En collaboration avec deux organisations communautaires locales, les équipes de projet de L’Union forment des agents de santé à la prévention, au diagnostic et au traitement de la tuberculose pour leur permettre d’effectuer des interventions de dépistage systématique auprès des communautés. Les bénévoles jouent un rôle précieux en transportant les échantillons d’expectoration jusqu’aux laboratoires de diagnostic et en encourageant les patients à aller au bout de leur traitement.

Depuis son lancement en mars 2019, ce projet a contribué à informer 18 000 ménages tribaux au sujet de la tuberculose et a permis de recenser 1162 cas suspects. Ces derniers ont fait l’objet de tests à l’aide d’appareils Gene-Xpert, et 121 malades ont ainsi pu être diagnostiqués et traités.

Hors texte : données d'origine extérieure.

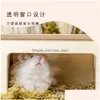 Fournitures pour petits animaux Hamster Nest MTI Chambre Pee Shelter Maze Toy House Mtifonctionnel Accessoire Djungarian Bois 230614 Drop Deli Dhcmj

Parmi ces malades figurait Agantin, une femme de 45 ans habitant le village d’Ingra, dans le district de Kondagaon. Sa famille appartient à la tribu Gond, qui pratique une agriculture de subsistance. Souffrant de toux depuis plus de deux ans, Agantin était si faible qu’elle ne pouvait pas se tenir debout pendant plus de dix minutes. Lorsque Bharti – une bénévole participant à des opérations de dépistage actif dans le village – a observé les symptômes d’Agantin, elle a prélevé ses expectorations et les a fait analyser au Centre antituberculeux local. Les analyses ont montré que l’organisme d’Agantin hébergeait une souche de tuberculose capable de résister au médicament le plus efficace, la rifampicine. Bharti a aidé Agantin à suivre son traitement en assurant la coordination avec les autorités locales du programme national de lutte contre la tuberculose.

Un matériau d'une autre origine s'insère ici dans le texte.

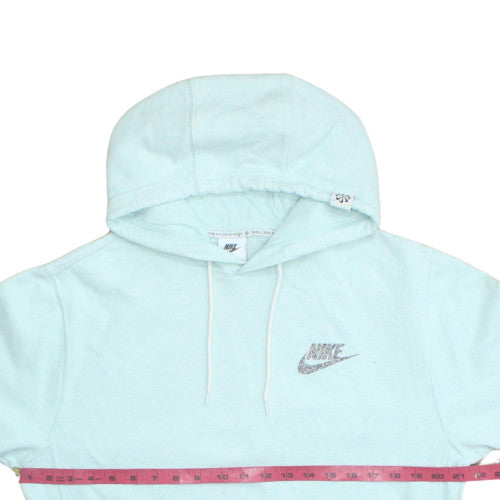 Nike Womens Blue Pullover Hoodie Small - Cotton Blend Sweatshirt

Le traitement contre la tuberculose pharmacorésistante est long, intensif et peut causer des effets secondaires indésirables. Lorsque Bharti a vu qu’Agantin commençait à refuser de prendre ses médicaments sous prétexte qu’ils la faisaient vomir, elle l’a envoyée consulter à l’hôpital du district, lui a expliqué les bienfaits du traitement et l’a aidée à le poursuivre. Agantin suit aujourd’hui un traitement régulier et son état de santé s’est grandement amélioré.

Un projet similaire conduit par l’initiative TB REACH, dont les résultats ont été publiés récemment par l’International Journal of Tuberculosis and Lung Disease de L’Union, témoigne également du succès des interventions de dépistage actif menées auprès des communautés tribales Saharia en Inde. Une augmentation de 52 % des personnes dépistées en laboratoire a été observée, ainsi qu’une hausse de 84 % des cas de tuberculose recensés, assortie d’une légère amélioration du taux de réussite des traitements.

L’Inde est le pays possédant la plus forte prévalence de tuberculose, avec un décès lié à la tuberculose enregistré toutes les deux minutes. Le Premier ministre indien Narendra Modi s’est engagé à éliminer la maladie en Inde d’ici à 2025, soit cinq ans avant la cible fixée à l’échelle mondiale par les Objectifs de développement durable. Pour que l’Inde puisse atteindre cet objectif ambitieux, L’Union plaide en faveur d’une mise en œuvre plus systématique du dépistage actif, approche qui permet de diagnostiquer et de traiter des personnes malades dans les zones reculées, où l’aide fait le plus cruellement défaut.